Medio mundo está escandalizado por las formas de Elon Musk puestas ahora en evidencia tras la adquisición de Twitter. La tecnología no ha cambiado la naturaleza humana y sigue habiendo buenos y malos empresarios, como hay buenos y malos trabajadores porque en realidad solo hay buenas y malas personas.

Poco a poco nos vamos cayendo del guindo y descubrimos qué hay detrás de los gigantes tecnológicos, ni más ni menos que las mismas intenciones monopolísticas que animaron a los grandes empresarios de comienzos del siglo pasado, la misma obsesión por acapararlo todo y el mismo desinterés por las consecuencias de sus actos; el fin, ser más rico, justifica todos los medios. Parece que los estadounidenses entienden que la mejor competencia es la que no existe y en cuanto pueden se quedan solos en el mercado. En Estados Unidos llevan años legislando contra los moponopolios, ni más ni menos que desde la ley Sherman de 1890. A comienzos del siglo pasado, el Tribunal Supremo norteamericano ordenó desmembrar la todo poderosa Standard Oil de Rockefeller en 34 empresas, que luego dieron origen al oligopolio del petróleo norteamericano de las “siete hermanas”. Luego fue desmembrada la gran empresa de telecomunicaciones, la ATT, e incluso IBM tuvo que ceder negocios y patentes. Lo especial es que ahora el monopolio al que aspiran los gigantes tecnológicos es mundial.

Las grandes empresas tecnológicas son hoy las empresas con mayor valor de mercado, con el permiso de la petrolera saudí. Apple, Microsoft, Google, Amazon, Facebook … copan los primeros puestos del ranking mundial conjuntamente con Tesla, un mal fabricante de coches que se vende extraordinariamente bien como si fuese una empresa tecnológica que fuese a terminar con el resto de fabricantes. 
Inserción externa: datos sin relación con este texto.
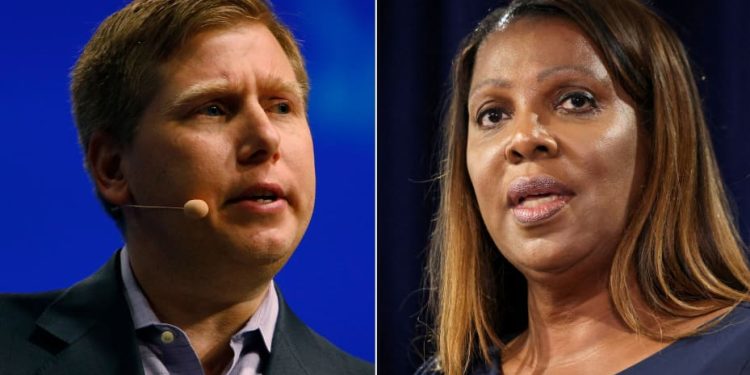 New York Attorney General Takes Legal Action Against Crypto Firms: Alleged Investor Fraud Valued at $1 Billion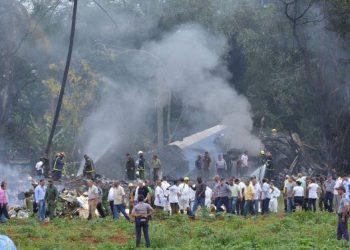 Cuba plane crash: Boeing 737 carrying 113 plummets after takeoff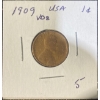 Image 2 : Collection of American Pennies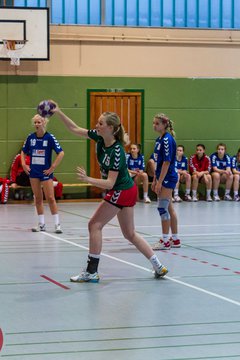 Bild 92 - B-Juniorinnen HSG Kremperheide/M�nsterdorf - JSG Alstertal/Norderstedt : Ergebnis: 21:21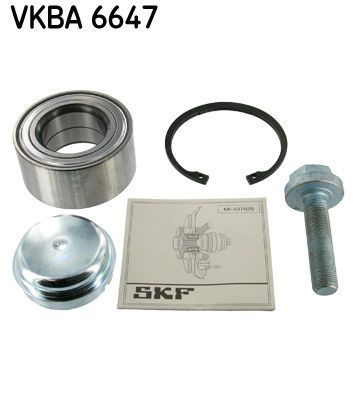 Obrázok Lożisko kolesa - opravná sada SKF  VKBA6647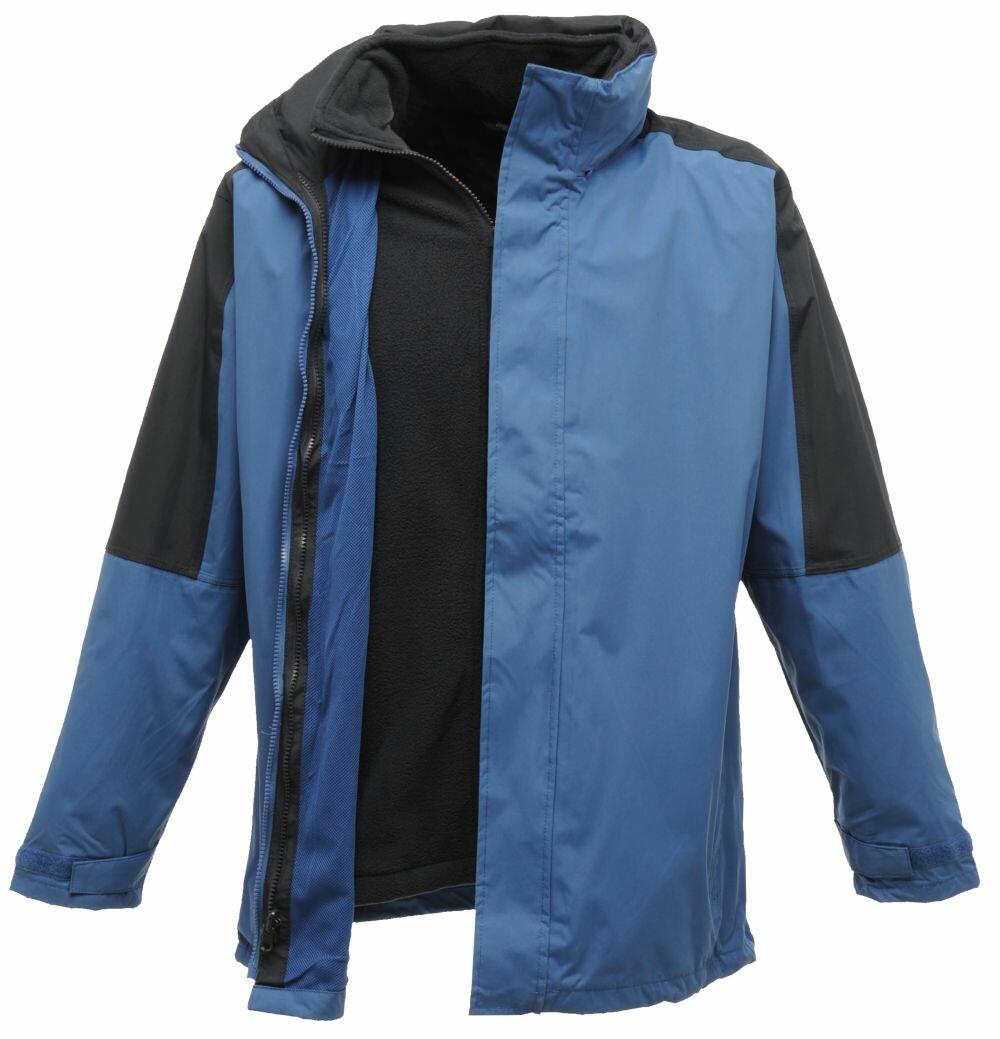 Regatta Men's Defender III 3-in-1 Jacket Versatile Outdoor Wear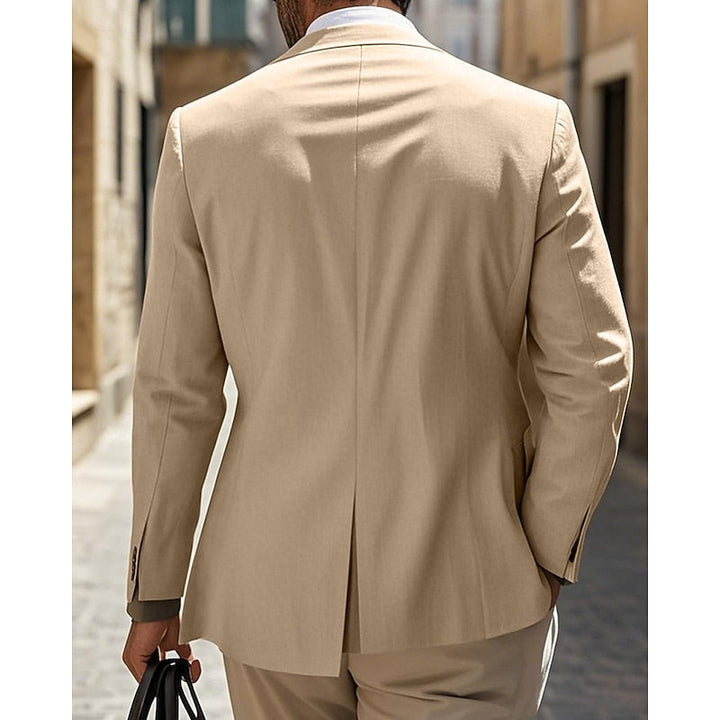Gregor | Raffinerad Skräddarsydd Blazer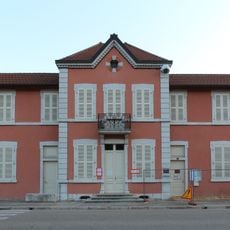 Town hall of Bettant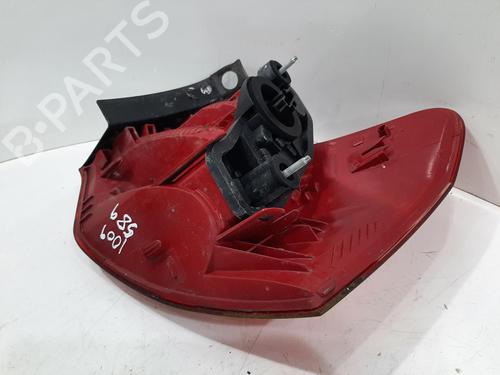 Left taillight CITROËN C5 III (RD_) 2.0 HDi (RDRHD8, RDRHDJ, RDRHR8, RDRHRJ) | BP26840598C34 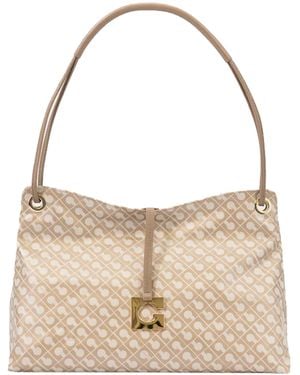 Gherardini Shoulder M Borsa - Natural
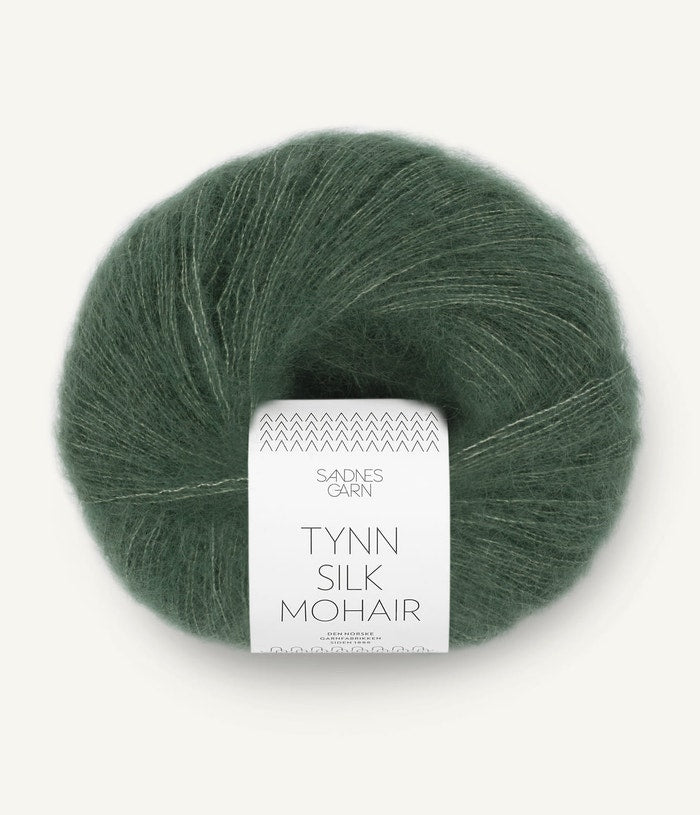 Sandnes Garn - Tynn Silk Mohair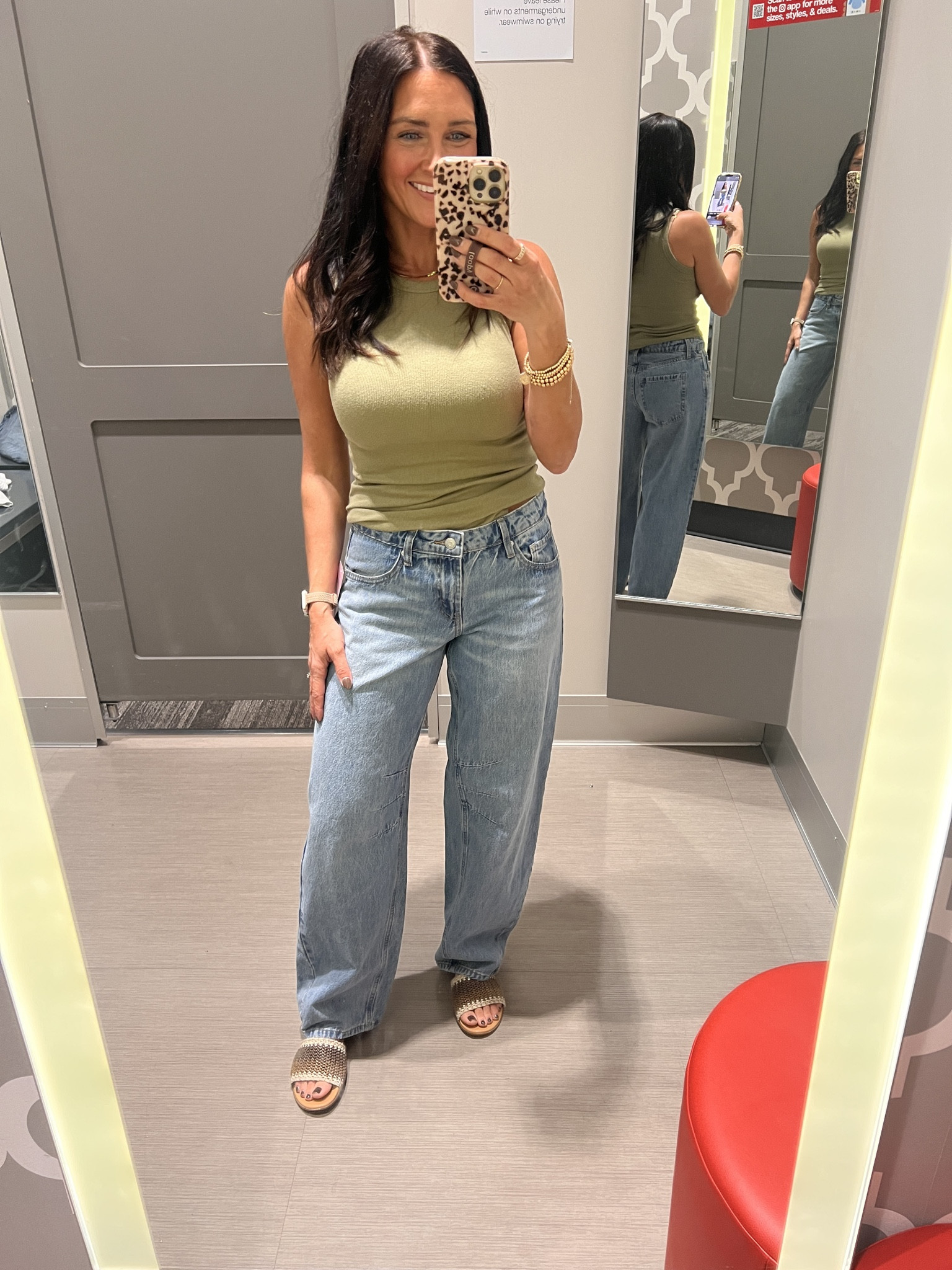 The best petite friendly barrel jeans and so affordable!

Target finds, target style



#LTKFindsUnder50 #LTKOver40 #LTKPetite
Los modales de Musk no deberían sorprendernos. Alabamos el desarrollo de servicios de mensajería que explota a mensajeros en bicicleta con total descaro, tanto que se aprueba en nuestro Congreso una ley en su contra y la incumplen descaradamente a pesar de las multas. Nos encanta un servicio de taxis basado en una app que irrita al sector por incumplir sus normas, esclaviza a los conductores y elude impuestos al desviar sus ingresos a otro país. Todo lo que suena a nueva economía nos parece maravilloso, pero muy probablemente Rockefeller, prototipo de señor con chistera y que fumaba puro, era mucho más culto y mejor persona que los fundadores de muchas de las empresas tecnológicas, cegados por las ganancias a corto plazo. Y desde luego su relación con los impuestos era mucho más honesta que la de estas empresas, expertas en la deslocalización y la elusión fiscal. La tecnología permite el don de la ubicuidad, generan negocio en un país y pagan impuestos en otro. Las seis mayores tecnológicas globales facturan en España más de 3.000 millones y pagan menos de 20 de impuestos… ¡magia!

En torno a las startups se ha creado un mito de la riqueza fácil totalmente falso. Los que se forran son poquísimos, como en toda actividad económica. Y la gran mayoría de “empresarios” solo buscan pasar la pelota al siguiente. Es una especie de juego de la silla, tonto el último. Cuando una idea logra apoyo económico, poco a poco va captando más recursos, valorando las empresas al precio de la última ampliación. Si alguien pone un millón de euros por el 1% de una empresa, esta se valora en 100 millones, haga lo que haga, tenga los resultados que tenga. La pelota sigue engordando con la esperanza de que un “consolidador global” compre la empresa. Cuando eso no ocurre, el globo se desinfla.

Con este modo de valoración, y con muchísima liquidez en los mercados, crece una riqueza aparente que da alas a personajes con Musk (o Zuckerberg o tantos otros) que serán unos cracks en los negocios, pero eso no significa que sean unas personas a las que haya que admirar. Como el comportamiento de Musk es extremo y, además, alejado de lo actualmente políticamente correcto, choca mucho, pero se diferencia entre poco y nada de sus “compañeros” de riqueza. La competencia por salir al espacio de Musk, Bezos y Brandon fue casi vomitiva, además de evidenciar que algunos creen que el CO2 solo lo producen los coches de los pobres.

El patrimonio de los Musk, Bezos, Gates y Zuckerberg nada tiene que envidiar al de los Rockefeller, Carnegie y Vanderbilt. Estos últimos nos han dejado un legado cultural innegable, está por ver qué dejan para la posteridad nuestros nuevos ricos digitales.